Retype, without any change, the first line of the records and every line after it through the one containing "MUG ROSE - C'EST DANS LE CALME".

**Recorded data:**
/---

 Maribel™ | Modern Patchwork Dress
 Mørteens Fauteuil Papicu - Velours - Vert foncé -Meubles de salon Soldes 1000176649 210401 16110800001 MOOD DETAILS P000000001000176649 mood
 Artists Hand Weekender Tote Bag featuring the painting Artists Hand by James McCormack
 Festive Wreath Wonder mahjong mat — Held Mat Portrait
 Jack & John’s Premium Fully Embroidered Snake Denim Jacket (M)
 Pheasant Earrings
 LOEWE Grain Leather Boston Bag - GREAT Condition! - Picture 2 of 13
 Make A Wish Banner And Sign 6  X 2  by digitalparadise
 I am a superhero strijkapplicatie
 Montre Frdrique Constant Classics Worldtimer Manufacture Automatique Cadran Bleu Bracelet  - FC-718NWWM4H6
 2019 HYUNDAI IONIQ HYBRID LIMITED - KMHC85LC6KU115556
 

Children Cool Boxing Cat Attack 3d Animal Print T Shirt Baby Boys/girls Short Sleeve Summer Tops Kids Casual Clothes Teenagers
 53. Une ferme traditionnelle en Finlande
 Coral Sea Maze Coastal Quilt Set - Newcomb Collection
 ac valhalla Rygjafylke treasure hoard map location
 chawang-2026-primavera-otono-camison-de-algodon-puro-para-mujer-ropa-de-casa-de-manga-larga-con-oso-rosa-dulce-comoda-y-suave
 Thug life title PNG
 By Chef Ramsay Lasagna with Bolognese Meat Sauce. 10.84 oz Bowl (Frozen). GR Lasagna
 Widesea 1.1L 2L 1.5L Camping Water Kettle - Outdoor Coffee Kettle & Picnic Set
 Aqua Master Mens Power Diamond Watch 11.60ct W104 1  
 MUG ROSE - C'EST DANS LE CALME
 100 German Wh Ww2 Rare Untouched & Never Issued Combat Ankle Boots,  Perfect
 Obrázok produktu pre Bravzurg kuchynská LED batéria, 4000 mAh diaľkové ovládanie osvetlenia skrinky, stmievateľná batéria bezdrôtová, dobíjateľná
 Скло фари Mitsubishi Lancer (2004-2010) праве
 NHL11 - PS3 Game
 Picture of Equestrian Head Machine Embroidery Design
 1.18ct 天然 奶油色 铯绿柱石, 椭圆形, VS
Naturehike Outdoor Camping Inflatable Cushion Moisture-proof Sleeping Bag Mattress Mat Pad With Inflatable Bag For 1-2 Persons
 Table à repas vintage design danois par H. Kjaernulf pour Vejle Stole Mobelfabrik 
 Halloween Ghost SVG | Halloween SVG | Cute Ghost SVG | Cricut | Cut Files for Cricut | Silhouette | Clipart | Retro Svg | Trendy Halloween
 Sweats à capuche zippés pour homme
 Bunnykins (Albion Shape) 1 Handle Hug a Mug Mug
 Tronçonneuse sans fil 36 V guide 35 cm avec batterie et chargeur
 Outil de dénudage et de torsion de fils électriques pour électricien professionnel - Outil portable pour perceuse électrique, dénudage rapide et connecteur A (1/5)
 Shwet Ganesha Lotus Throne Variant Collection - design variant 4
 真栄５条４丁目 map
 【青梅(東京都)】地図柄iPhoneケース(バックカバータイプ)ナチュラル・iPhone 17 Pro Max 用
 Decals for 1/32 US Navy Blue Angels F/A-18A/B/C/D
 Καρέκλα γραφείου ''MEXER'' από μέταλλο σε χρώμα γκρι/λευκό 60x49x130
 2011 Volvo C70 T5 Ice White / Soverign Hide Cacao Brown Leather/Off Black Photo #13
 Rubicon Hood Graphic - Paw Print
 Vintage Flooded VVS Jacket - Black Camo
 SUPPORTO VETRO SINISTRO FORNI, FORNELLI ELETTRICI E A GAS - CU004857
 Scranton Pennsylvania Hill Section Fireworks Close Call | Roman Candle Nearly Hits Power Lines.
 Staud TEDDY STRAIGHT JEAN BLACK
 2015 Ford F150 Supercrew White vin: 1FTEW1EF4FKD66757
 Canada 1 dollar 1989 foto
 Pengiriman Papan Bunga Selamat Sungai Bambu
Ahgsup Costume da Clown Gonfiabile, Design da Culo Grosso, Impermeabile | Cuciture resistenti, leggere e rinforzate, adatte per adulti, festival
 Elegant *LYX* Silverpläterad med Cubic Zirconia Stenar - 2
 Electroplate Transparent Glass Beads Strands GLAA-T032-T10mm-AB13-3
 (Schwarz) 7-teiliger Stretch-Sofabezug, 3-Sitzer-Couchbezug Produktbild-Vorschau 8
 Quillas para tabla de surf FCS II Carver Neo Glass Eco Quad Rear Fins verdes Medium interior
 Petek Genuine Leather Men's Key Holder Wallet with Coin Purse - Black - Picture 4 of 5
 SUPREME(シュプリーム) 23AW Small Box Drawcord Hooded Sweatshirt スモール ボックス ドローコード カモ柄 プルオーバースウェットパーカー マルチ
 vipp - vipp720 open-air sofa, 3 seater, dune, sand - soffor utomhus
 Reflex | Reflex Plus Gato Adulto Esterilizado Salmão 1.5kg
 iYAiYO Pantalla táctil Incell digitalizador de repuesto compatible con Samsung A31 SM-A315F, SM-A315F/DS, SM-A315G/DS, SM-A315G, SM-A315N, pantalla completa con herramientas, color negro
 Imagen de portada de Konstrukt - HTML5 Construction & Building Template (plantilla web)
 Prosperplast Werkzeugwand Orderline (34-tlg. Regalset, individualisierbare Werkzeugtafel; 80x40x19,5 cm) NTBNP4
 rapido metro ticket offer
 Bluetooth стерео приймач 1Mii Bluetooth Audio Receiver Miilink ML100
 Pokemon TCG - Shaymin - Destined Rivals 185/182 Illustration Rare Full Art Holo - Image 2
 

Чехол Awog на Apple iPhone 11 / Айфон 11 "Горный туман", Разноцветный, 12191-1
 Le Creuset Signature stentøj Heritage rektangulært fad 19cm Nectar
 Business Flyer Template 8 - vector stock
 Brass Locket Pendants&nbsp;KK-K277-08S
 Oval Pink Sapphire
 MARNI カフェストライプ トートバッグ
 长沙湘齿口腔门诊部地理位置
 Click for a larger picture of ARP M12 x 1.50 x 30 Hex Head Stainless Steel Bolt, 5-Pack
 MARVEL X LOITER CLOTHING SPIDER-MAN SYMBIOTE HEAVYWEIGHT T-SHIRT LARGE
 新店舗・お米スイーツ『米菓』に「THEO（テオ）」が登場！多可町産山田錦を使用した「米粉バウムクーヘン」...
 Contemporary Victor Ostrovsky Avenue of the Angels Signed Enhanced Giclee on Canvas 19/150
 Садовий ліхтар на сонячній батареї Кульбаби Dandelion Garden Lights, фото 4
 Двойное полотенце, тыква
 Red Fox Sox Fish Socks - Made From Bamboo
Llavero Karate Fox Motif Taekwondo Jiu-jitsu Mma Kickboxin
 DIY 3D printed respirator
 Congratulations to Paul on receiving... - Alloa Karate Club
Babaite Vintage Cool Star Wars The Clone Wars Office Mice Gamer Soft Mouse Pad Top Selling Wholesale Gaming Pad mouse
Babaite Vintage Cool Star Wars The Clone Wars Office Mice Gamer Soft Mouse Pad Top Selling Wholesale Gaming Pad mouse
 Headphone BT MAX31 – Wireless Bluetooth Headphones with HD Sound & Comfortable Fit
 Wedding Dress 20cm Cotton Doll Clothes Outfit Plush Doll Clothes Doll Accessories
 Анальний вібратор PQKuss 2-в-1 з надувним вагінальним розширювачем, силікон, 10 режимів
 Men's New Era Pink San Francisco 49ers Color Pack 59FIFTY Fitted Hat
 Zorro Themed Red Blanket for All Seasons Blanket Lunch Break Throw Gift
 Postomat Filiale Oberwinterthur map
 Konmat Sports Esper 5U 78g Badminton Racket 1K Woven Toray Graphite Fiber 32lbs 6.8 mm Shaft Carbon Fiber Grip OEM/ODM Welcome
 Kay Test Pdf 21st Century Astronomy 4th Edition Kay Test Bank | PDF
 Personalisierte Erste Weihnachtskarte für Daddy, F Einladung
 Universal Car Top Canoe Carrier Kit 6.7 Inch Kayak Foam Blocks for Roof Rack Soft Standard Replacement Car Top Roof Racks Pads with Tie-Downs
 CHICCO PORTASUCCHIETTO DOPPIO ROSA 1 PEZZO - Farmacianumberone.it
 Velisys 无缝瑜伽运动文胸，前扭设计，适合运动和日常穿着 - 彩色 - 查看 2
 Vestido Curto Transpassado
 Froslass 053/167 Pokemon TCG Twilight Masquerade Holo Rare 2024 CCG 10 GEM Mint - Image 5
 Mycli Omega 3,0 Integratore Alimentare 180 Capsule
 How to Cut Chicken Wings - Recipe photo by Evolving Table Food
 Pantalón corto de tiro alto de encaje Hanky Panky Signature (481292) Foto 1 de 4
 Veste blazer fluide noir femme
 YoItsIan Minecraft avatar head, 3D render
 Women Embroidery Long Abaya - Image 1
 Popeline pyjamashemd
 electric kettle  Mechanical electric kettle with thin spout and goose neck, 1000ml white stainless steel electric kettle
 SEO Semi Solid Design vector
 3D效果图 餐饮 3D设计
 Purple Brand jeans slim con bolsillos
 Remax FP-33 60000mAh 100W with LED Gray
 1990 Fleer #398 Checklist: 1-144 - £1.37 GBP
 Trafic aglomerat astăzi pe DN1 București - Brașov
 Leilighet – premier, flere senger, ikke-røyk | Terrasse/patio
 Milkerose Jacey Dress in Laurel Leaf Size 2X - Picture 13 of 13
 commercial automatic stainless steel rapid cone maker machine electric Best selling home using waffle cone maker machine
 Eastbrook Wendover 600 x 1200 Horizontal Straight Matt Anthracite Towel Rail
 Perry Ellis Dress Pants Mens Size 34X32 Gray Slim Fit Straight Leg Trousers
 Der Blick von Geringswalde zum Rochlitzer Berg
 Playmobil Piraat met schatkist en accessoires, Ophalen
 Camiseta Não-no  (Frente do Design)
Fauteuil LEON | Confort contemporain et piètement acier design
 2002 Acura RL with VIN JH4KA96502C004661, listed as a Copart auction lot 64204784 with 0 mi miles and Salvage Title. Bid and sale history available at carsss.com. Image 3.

\---

**Your response:**
 Maribel™ | Modern Patchwork Dress
 Mørteens Fauteuil Papicu - Velours - Vert foncé -Meubles de salon Soldes 1000176649 210401 16110800001 MOOD DETAILS P000000001000176649 mood
 Artists Hand Weekender Tote Bag featuring the painting Artists Hand by James McCormack
 Festive Wreath Wonder mahjong mat — Held Mat Portrait
 Jack & John’s Premium Fully Embroidered Snake Denim Jacket (M)
 Pheasant Earrings
 LOEWE Grain Leather Boston Bag - GREAT Condition! - Picture 2 of 13
 Make A Wish Banner And Sign 6  X 2  by digitalparadise
 I am a superhero strijkapplicatie
 Montre Frdrique Constant Classics Worldtimer Manufacture Automatique Cadran Bleu Bracelet  - FC-718NWWM4H6
 2019 HYUNDAI IONIQ HYBRID LIMITED - KMHC85LC6KU115556
 

Children Cool Boxing Cat Attack 3d Animal Print T Shirt Baby Boys/girls Short Sleeve Summer Tops Kids Casual Clothes Teenagers
 53. Une ferme traditionnelle en Finlande
 Coral Sea Maze Coastal Quilt Set - Newcomb Collection
 ac valhalla Rygjafylke treasure hoard map location
 chawang-2026-primavera-otono-camison-de-algodon-puro-para-mujer-ropa-de-casa-de-manga-larga-con-oso-rosa-dulce-comoda-y-suave
 Thug life title PNG
 By Chef Ramsay Lasagna with Bolognese Meat Sauce. 10.84 oz Bowl (Frozen). GR Lasagna
 Widesea 1.1L 2L 1.5L Camping Water Kettle - Outdoor Coffee Kettle & Picnic Set
 Aqua Master Mens Power Diamond Watch 11.60ct W104 1  
 MUG ROSE - C'EST DANS LE CALME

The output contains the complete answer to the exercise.